SHORT: do you ever feel like you're either putting 100% of your effort into something and obsessively panicking about it being perfect, or putting 0.5% of your effort into it and not caring at all how it turns out? Any tips?
Recently, with being able to meet up with others in parks and now our garden after a period of people not really seeing me parent, I've been receiving a lot of comments that I'm very "laid back" with DS. I'm not entirely sure if its a compliment or an insult honestly.
For example, I let him eat some mud and get very dirty, I'm not strict about naps etc, today he had cheesecake and toast with peanut butter for lunch when family were here, he is fairly free to roam in the house and garden and we haven't really baby-proofed at all. This is a far cry from how I was 9 months ago; obsessed with his sleep schedule, and making sure we did BLW perfectly with every food group and micronutrient accounted for and never spoon feeding (we do sometimes now), and absolutely panicked about baby proofing our house but absolutely overwhelmed by the idea of him hurting himself and having not done enough.
I thought it was just me relaxing as DS got older, but I think I'm starting to realise that it might be my anxiety making me "give up" on parenting DS 'properly' and I'm distraught. I'm a SAHM and absolutely love it, and I really wanted to be doing the absolute best for DS, and I thought I was, but now I'm worried that it is glaringly obvious to all the people I've met with recently that I've "let things go" and am failing. I've made an appointment to see a therapist I worked with a few years ago, so hopefully that will help.

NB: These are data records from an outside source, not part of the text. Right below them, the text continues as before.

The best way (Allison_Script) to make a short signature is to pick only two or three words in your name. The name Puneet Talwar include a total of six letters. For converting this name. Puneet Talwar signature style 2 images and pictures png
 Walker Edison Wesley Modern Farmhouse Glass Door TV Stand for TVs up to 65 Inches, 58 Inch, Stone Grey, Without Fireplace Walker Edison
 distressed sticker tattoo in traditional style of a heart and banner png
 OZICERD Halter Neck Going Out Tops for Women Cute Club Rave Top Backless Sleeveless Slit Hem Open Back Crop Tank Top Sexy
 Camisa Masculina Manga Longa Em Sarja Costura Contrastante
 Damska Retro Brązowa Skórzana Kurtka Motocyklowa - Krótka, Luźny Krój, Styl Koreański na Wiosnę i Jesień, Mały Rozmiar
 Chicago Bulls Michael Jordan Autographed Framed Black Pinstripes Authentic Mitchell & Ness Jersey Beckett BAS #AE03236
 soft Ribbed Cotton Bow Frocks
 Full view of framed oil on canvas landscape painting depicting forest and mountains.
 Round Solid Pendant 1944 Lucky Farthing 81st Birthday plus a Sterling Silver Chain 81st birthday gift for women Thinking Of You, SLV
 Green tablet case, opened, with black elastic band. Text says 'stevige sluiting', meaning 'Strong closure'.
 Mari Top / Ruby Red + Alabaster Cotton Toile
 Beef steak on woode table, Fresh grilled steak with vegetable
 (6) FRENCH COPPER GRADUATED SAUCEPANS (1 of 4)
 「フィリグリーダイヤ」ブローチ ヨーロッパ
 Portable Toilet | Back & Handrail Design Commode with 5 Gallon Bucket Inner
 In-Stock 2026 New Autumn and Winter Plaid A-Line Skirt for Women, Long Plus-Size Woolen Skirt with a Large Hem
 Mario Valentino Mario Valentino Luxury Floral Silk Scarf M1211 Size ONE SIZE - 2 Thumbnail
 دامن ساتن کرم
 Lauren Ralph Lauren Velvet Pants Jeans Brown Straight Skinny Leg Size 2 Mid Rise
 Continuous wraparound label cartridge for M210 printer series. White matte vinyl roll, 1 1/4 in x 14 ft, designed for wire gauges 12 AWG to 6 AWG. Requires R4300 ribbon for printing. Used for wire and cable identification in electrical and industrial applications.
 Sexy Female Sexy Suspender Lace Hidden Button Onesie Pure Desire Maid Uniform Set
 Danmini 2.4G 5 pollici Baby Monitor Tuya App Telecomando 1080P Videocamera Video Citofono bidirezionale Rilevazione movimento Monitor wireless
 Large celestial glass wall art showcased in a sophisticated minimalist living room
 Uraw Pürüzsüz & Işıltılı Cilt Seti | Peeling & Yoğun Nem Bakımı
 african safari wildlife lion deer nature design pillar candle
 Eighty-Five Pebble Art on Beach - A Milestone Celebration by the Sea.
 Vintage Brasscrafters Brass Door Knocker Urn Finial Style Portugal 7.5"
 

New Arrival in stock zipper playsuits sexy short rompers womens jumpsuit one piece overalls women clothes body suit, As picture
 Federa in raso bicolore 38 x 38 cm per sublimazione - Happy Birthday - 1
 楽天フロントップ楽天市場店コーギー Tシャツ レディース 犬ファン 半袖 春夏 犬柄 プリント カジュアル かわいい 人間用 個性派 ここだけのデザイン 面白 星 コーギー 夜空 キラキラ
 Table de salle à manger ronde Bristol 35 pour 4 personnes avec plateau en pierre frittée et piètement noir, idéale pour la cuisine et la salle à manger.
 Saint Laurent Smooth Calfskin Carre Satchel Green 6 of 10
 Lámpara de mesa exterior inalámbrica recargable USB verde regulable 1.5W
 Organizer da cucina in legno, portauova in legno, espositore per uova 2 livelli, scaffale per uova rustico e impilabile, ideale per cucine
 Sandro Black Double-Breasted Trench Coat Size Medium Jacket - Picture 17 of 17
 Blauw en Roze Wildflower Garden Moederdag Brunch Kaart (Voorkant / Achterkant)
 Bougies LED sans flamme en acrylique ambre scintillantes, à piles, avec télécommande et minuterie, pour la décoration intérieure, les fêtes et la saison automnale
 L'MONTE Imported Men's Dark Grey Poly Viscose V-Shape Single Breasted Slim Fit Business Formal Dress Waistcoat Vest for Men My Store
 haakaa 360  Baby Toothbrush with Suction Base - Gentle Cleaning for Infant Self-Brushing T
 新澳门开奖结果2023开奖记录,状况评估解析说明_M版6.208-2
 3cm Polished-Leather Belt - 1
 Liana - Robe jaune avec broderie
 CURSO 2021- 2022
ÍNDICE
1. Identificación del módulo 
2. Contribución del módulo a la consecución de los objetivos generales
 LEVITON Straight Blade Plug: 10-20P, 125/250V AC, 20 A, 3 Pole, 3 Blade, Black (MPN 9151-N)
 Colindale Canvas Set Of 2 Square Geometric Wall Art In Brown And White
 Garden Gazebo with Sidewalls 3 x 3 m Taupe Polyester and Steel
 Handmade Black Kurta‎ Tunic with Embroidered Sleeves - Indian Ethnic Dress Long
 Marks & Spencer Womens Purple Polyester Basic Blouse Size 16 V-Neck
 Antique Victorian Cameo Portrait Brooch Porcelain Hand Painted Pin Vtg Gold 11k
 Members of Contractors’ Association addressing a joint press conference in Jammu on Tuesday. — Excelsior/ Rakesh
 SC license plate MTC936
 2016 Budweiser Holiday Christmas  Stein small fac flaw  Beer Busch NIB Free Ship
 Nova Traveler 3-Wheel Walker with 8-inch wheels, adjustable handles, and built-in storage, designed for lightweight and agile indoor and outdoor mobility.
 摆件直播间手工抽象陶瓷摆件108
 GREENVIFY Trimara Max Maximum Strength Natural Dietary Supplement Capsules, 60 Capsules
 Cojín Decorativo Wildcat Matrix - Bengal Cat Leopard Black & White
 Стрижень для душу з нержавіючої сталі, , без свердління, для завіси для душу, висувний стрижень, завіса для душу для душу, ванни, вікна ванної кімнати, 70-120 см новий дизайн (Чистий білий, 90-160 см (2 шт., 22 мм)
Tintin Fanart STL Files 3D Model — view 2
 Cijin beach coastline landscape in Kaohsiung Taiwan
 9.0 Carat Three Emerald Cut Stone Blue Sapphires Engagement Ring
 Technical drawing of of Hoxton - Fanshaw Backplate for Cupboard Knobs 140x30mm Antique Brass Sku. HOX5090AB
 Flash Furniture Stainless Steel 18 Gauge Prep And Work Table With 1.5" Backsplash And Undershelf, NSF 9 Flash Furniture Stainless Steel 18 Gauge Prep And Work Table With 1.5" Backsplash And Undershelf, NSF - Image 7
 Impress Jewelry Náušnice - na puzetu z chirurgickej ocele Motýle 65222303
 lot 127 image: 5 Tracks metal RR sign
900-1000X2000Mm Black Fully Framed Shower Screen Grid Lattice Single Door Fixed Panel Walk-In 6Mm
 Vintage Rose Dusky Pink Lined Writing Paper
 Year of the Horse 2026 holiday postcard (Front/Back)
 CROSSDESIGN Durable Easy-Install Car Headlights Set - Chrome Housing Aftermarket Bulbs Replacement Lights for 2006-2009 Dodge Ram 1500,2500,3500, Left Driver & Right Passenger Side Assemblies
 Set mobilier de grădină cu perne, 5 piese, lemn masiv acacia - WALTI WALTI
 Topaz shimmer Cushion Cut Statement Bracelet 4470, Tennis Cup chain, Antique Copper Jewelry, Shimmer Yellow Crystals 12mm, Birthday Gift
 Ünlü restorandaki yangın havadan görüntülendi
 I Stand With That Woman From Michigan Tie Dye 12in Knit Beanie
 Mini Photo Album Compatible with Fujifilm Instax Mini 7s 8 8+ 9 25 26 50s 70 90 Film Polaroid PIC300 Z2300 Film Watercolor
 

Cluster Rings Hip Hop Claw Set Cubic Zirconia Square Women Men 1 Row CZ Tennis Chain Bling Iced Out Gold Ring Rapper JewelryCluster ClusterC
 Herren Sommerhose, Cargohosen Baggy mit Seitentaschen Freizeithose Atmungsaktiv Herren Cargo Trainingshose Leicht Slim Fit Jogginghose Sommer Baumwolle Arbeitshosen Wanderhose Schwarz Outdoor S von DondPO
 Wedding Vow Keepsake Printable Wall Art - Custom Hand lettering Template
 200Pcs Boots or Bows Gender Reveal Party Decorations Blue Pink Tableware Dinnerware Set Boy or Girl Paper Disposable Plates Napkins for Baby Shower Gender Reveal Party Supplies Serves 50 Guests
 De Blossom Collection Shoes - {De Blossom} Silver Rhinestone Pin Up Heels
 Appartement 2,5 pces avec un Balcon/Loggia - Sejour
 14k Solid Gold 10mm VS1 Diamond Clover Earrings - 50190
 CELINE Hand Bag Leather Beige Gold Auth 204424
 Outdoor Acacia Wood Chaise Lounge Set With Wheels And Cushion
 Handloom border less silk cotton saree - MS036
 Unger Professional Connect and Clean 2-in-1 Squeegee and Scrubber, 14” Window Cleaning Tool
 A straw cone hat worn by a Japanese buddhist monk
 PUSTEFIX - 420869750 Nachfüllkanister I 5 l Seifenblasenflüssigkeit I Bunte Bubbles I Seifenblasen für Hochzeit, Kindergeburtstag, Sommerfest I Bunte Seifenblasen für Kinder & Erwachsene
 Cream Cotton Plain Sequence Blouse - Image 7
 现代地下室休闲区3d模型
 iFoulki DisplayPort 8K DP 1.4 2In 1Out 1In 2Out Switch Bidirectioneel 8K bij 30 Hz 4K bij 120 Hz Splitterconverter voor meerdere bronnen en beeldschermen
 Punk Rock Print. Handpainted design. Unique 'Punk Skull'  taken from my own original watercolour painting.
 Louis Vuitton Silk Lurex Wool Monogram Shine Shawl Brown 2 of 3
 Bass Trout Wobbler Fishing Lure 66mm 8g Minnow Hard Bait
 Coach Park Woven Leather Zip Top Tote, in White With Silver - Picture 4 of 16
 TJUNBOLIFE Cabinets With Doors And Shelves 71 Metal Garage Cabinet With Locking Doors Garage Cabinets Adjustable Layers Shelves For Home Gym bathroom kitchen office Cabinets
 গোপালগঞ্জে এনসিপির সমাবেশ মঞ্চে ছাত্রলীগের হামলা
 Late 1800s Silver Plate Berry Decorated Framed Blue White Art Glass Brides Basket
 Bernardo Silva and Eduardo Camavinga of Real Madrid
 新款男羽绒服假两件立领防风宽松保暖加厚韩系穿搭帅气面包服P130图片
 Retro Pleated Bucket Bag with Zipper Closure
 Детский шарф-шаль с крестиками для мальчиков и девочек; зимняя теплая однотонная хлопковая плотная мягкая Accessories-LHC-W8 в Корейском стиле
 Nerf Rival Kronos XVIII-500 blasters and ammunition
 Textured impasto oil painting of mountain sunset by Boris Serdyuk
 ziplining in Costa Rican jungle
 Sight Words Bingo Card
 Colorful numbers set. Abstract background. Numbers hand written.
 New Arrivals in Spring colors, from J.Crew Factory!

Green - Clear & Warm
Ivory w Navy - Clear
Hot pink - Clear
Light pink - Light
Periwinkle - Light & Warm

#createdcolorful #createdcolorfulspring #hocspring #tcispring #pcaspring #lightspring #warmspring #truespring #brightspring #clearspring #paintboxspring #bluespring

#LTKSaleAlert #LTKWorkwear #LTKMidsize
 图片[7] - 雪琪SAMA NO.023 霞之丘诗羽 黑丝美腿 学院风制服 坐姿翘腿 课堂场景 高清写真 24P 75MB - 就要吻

This post is mainly centred around parenting, but actually the pandemic as a whole has been difficult for me like this (for ages nothing could be clean enough and I barely let the house, now I'm letting men 14mo run around at the park with other children touching equipment etc and as much as I wipe him down and then wash his hand afterwards, I just shrug and say "I've done my best and he had fun" which thinking about it now sounds crazy), and I've always had a problem with either working way too hard or not at all, right from primary school age.